When an obscure nun from Louisiana named Helen Prejean wrote the bestselling book "Dead Man Walking" 12 years ago, she was amazed that her words could spawn a passionate debate about the death penalty. A year later, the movie version led to an Academy Award for Susan Sarandon as Sister Helen and sparked an expansion of the debate. Now comes a sequel of sorts.
Prejean's editor said during a recent meeting, "With the publication of 'Dead Man Walking,' we opened the national conversation about the death penalty. With 'The Death of Innocents,' we're going to catalyze public discourse that will end the death penalty."
Maybe. But it probably will not turn out to be that simple. The core of her new book rests on two state-sponsored executions, one in Louisiana, one in Virginia. Prejean came to know the men convicted of murder, Dobie Gillis Williams and Joseph Roger O'Dell, when each requested her as an official spiritual adviser. She became convinced that each man was innocent, making their executions unimaginably horrible for her.

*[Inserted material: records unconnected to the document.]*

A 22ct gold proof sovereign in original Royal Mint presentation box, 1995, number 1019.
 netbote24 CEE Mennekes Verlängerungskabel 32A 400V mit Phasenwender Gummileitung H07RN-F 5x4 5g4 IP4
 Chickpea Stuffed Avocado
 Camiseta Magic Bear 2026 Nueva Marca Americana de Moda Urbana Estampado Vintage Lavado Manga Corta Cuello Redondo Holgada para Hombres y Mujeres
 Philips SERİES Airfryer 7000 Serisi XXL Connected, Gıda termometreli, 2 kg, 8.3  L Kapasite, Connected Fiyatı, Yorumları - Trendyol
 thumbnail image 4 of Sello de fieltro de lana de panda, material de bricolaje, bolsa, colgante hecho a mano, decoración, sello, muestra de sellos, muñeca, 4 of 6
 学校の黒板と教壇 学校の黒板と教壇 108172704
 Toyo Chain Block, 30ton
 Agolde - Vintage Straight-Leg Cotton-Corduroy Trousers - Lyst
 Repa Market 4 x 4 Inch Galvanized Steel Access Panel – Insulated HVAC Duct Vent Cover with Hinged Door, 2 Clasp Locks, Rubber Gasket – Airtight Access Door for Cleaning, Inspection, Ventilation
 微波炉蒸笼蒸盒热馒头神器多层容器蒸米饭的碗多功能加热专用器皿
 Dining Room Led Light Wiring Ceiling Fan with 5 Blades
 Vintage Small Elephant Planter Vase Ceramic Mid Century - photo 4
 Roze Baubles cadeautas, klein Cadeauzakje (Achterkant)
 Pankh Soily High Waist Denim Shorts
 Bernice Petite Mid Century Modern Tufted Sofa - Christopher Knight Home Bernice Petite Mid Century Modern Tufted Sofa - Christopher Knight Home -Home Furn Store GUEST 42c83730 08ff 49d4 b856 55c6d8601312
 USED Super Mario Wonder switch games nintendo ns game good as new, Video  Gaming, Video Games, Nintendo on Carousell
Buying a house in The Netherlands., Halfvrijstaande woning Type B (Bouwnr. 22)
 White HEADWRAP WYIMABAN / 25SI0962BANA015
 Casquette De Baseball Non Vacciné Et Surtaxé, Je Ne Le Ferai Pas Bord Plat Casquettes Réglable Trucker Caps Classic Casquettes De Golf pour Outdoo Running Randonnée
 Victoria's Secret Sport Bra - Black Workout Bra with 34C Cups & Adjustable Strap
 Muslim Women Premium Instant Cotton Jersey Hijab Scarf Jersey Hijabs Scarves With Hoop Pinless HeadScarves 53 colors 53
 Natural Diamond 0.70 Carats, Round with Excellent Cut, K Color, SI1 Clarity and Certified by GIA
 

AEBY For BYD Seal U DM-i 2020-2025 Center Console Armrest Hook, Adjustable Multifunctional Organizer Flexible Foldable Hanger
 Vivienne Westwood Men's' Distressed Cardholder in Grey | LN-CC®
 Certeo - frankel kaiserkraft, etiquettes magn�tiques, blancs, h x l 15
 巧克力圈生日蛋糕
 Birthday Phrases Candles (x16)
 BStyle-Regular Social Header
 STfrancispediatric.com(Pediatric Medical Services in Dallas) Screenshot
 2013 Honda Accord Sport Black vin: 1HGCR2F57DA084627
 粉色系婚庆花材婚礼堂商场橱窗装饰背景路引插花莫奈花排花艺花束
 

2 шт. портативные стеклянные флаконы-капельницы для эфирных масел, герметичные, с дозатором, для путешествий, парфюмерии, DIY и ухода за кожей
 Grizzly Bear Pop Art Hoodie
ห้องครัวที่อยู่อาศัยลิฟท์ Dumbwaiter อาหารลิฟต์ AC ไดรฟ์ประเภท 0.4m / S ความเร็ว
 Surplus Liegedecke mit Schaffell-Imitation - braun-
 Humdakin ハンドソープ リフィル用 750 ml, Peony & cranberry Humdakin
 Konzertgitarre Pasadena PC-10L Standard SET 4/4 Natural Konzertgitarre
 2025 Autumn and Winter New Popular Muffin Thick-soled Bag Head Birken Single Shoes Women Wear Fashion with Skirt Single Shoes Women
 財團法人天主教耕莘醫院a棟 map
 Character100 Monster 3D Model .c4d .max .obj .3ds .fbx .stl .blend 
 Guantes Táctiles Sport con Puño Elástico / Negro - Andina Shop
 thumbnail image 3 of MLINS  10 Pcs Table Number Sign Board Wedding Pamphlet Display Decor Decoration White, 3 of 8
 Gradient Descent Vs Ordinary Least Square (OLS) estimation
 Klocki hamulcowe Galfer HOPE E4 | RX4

In the abstract, Prejean's polemic is filled with logic: If there is any possibility that governments have executed or will execute innocent defendants, then the death penalty must be abolished because it's irreversible.
Moving beyond the abstract, journalists like myself who have written extensively about wrongful convictions understand that innocent defendants have been executed - before DNA testing could prove prosecutors wrong; before we grasped the frequency of mistaken eyewitness testimony, false confessions, and the lies of jailhouse snitches cutting secret deals with district attorneys.
Unfortunately, though, Prejean's reportage is less compelling than her logic. Her presentation of the Williams and O'Dell cases show questionable conduct by police, prosecutors, and judges, to be sure. But, after reading each account, I am uncertain about the innocence of either dead defendant. That uncertainty, should it exist in the minds of other readers, will make it difficult to generate new opposition to the death penalty.
For the sake of debate, let us assume for a few paragraphs that Prejean's instincts are wrong, that Williams and O'Dell were guilty of murder. In that case, did they deserve to be killed by the state?
This is where the polemic becomes as much faith-based and law-based as fact-based. Prejean ranges wide, discussing the teachings of her own Catholicism as well as other organized religions, the intent of the US Constitution's drafters, the defensibility of dozens of Supreme Court decisions, the personal moral codes of court justices such as Antonin Scalia (her preeminent whipping boy) and Harry Blackmun (her judicial exemplar).
Are state-sponsored executions always morally wrong, even when a guilty defendant has committed a heinous murder, sometimes combined with sexual degradation before or after the homicide? Yes, Prejean says. For her, no sound reasoning, on any level of abstraction, can support the death penalty.
Her new book is almost certain to promote reflection rather than harden positions because Prejean commands respect. She left a comfortable upbringing to join the Sisters of St. Joseph of Medaille. Next, she left a comfortable position within her religious order to live in squalor, assisting poverty-ridden, nearly hopeless urban residents left in the backwash of politicians' empty promises. She answered affirmatively when asked to counsel the condemned, despite knowing she would be haunted by nightmares the remainder of her life. Risking calumny, she also began counseling the families of murder victims, despite the hatred some family members directed at her for befriending murderers.
Unlike most participants in the death penalty debate, Prejean has mingled with every type of person involved, including the prison wardens and the guards who actually extinguish lives under color of law. Because of her actions and the impassioned yet thoughtful words arising from those actions, she continues to deserve an audience.
• Steve Weinberg is a freelance investigative journalist who writes frequently about the criminal justice system.